[PROBLEM REQUIREMENTS] Print exactly the lines that run from the one containing "The Living Store" to the final line of the data, both included, and print none of the pictures.

[DATASET CONTENT]
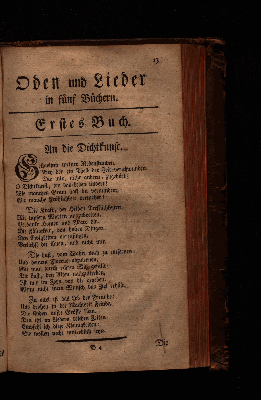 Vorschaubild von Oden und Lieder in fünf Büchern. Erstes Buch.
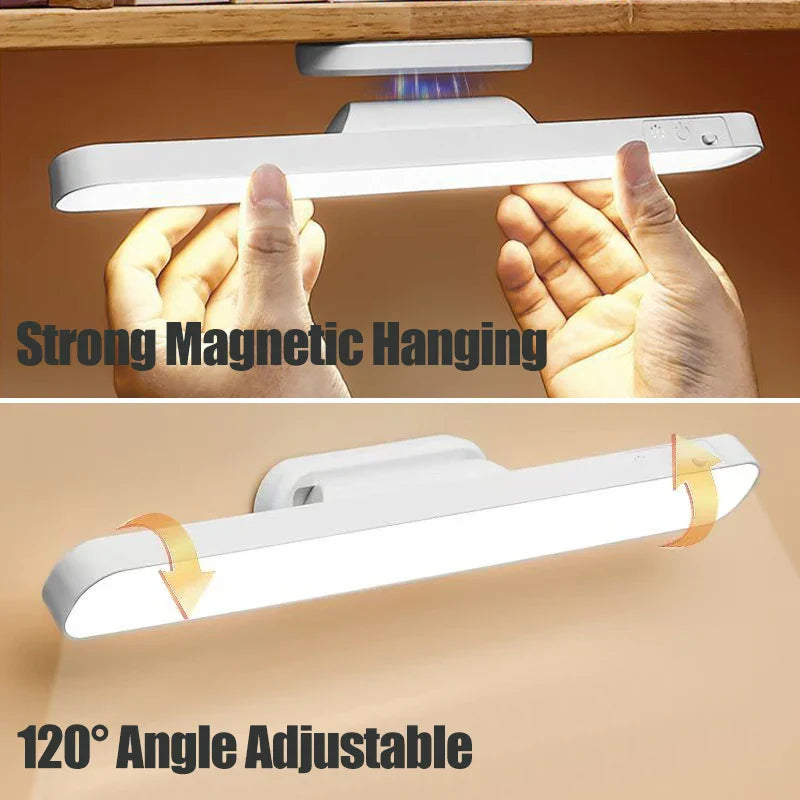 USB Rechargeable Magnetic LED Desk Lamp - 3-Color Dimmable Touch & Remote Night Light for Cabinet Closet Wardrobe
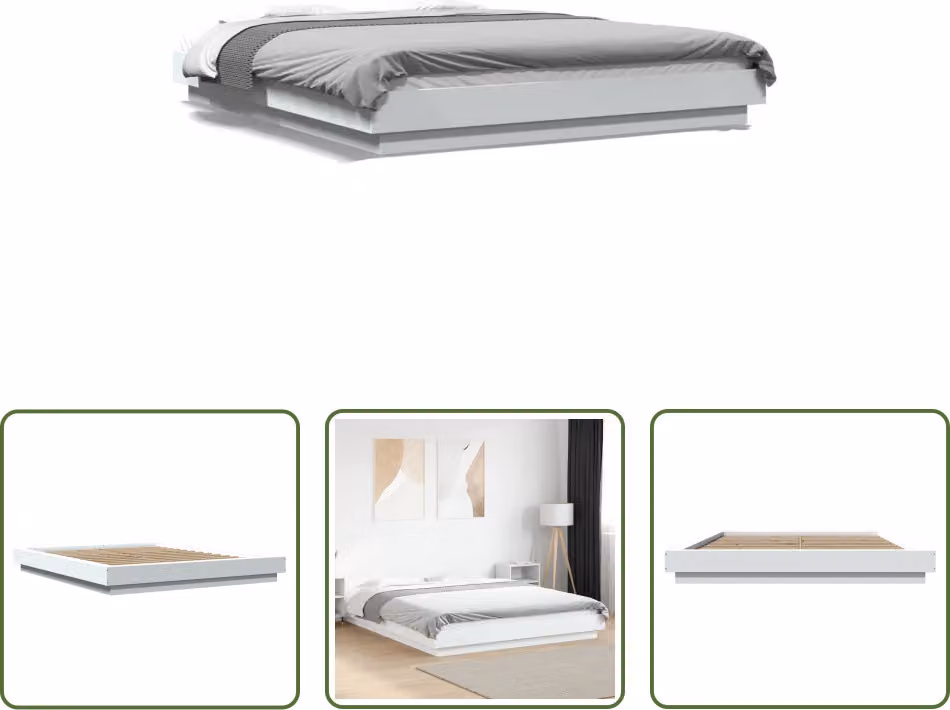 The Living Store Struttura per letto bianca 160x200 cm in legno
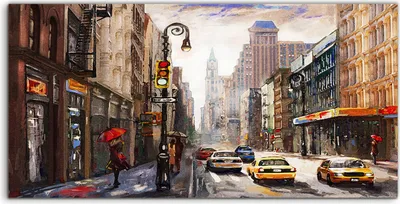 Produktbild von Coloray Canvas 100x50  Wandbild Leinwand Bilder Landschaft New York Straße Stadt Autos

[FINAL ANSWER]
 The Living Store Struttura per letto bianca 160x200 cm in legno
 Produktbild von Coloray Canvas 100x50  Wandbild Leinwand Bilder Landschaft New York Straße Stadt Autos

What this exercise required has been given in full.